> _Assignment_
In the data below, set down exactly the lines from the one containing "Gossip Street: Merge & Story screenshot 8" up to and including the one containing "Thumbnail of 2026". Leave the pictures out.

> _Supplied records_
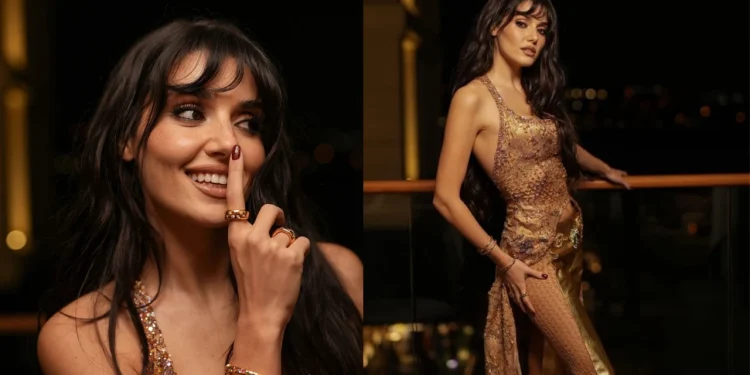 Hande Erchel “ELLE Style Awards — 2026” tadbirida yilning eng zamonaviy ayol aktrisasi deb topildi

...

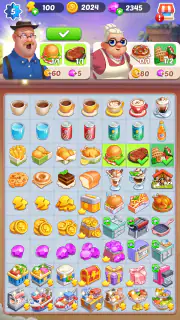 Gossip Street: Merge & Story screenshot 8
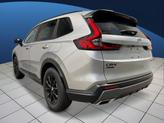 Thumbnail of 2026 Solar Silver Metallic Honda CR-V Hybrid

--

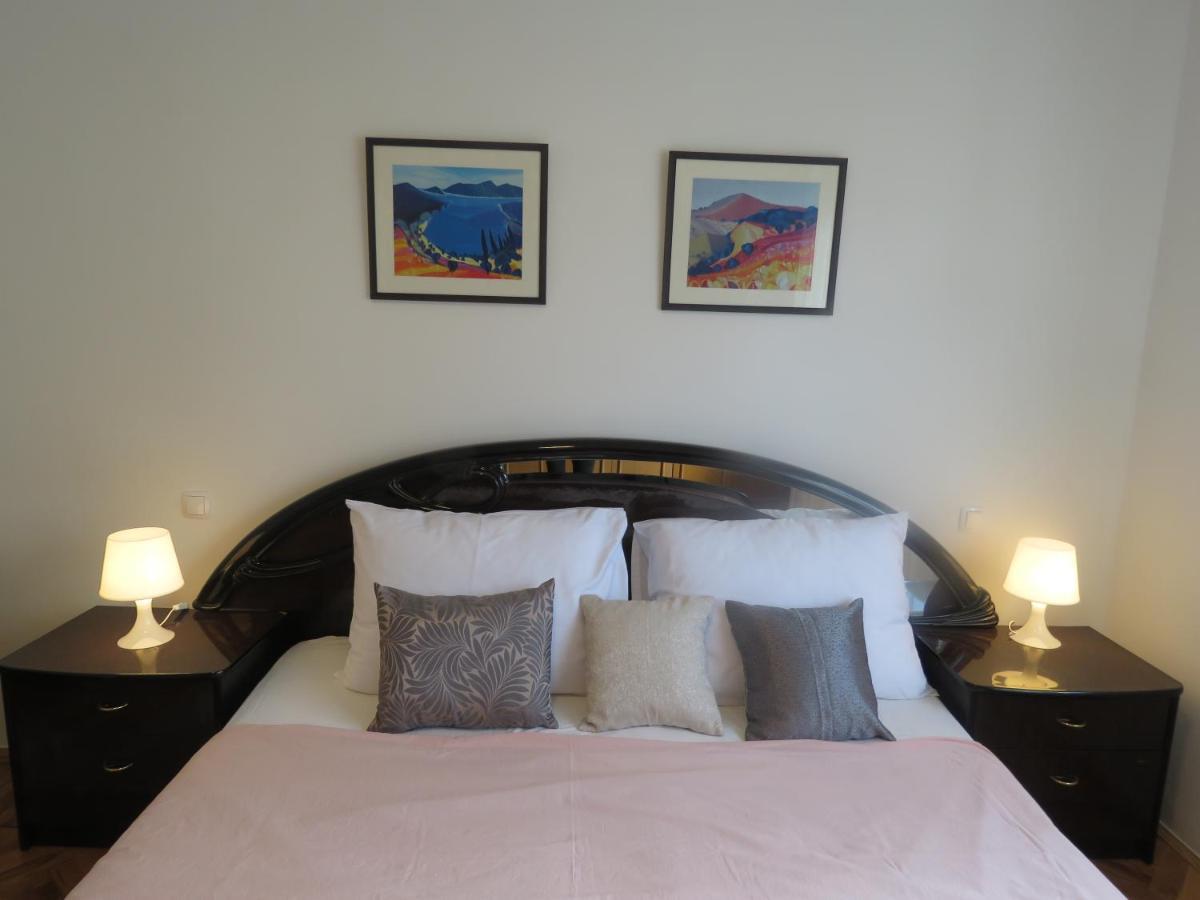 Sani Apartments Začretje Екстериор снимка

> _Task output_
 Gossip Street: Merge & Story screenshot 8
 Thumbnail of 2026 Solar Silver Metallic Honda CR-V Hybrid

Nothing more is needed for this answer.